Amyloid and amyloidosisAmyloidosis comprises a heterogeneous group of disorders, some generalized and some localized. Common to all these conditions are deposits of amyloid which may displace, destroy, and replace normal tissues (35, 50, 65). Amyloid is an extracellular, amorphous, eosinophilic, hyalin substance, ubiquitous in distribution (21, 35). Virchow misnamed the substance "amyloid" because he thought that it resembled starch or cellulose (65). Amyloid deposits are composed of proteinaceous fibrils of great chemical diversity (50). These proteins possess distinct properties, including resistance to solution and to proteolytic digestion, a characteristic fibrillar appearance on electron microscopy (34) and an antiparellel beta-pleated sheet conformation as indicated by x-ray crystallography and infrared spectroscopy (e.g. 18, 40). Amyloid deposition is the first pathologic process to be described with manifestations that are dependent on a specific and unique protein conformation (36, 50), and Glenner (50) has suggested the term "beta-fibrillosis" for this disease complex.

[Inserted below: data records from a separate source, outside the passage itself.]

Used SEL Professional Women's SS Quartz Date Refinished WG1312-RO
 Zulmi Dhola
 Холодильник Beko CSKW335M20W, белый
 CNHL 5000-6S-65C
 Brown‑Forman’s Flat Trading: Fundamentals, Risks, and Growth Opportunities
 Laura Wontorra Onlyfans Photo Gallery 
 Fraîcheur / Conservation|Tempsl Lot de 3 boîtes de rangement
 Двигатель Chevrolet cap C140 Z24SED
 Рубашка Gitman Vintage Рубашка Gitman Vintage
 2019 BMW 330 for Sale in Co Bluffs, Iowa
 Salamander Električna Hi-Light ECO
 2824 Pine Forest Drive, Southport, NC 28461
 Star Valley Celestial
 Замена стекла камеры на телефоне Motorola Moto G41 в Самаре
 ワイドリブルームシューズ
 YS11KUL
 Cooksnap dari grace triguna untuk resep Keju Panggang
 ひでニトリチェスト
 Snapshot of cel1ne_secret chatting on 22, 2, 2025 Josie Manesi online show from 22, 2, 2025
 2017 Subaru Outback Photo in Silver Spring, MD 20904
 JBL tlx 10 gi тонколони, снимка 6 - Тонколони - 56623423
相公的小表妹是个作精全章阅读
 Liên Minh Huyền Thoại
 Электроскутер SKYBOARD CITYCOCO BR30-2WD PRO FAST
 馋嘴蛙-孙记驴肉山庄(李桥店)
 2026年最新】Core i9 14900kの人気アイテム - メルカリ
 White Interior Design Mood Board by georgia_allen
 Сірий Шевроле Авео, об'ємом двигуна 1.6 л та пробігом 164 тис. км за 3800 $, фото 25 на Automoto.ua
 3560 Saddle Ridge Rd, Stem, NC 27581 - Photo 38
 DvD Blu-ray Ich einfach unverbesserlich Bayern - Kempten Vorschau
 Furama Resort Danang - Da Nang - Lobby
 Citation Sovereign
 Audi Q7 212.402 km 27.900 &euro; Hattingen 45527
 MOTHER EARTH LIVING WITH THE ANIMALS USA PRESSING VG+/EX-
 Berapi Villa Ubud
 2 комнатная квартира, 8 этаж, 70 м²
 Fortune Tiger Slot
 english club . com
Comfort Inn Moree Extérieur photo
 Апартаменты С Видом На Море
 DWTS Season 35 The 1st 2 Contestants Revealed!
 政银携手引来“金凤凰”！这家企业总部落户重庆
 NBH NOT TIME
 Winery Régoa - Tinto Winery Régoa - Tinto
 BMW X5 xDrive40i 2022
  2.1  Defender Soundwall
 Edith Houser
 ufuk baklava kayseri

Amyloid can be deposited without clinical consequences or may involve virtually any organ system of the body leading to potentially fatal changes. Of course, the disease may also fall between these two extremes. The tissue changes are qualitatively indistinguishable in the various forms of amyloidosis (49). In each instance, the main effects of amyloid seem to be mediated by the compression of adjacent cells and tissues (50), and possibly also by vascular involvement interfering with blood supply (49). The diverse patterns of distribution of amyloid deposits to different organs seem to account for the various clinical manifestations of these syndromes. The worldwide incidence and prevalence of amyloidosis is unknown, but amyloid deposition may come to be regarded as a more important cause of human illness than is realized today (36, 50). The diagnosis of amyloidosis is established by demonstration of green birefringence of tissue specimens stained with Congo red and examined by polarization microscopy (36, 50). The beta-pleated sheet conformation is responsible for this staining reaction (82).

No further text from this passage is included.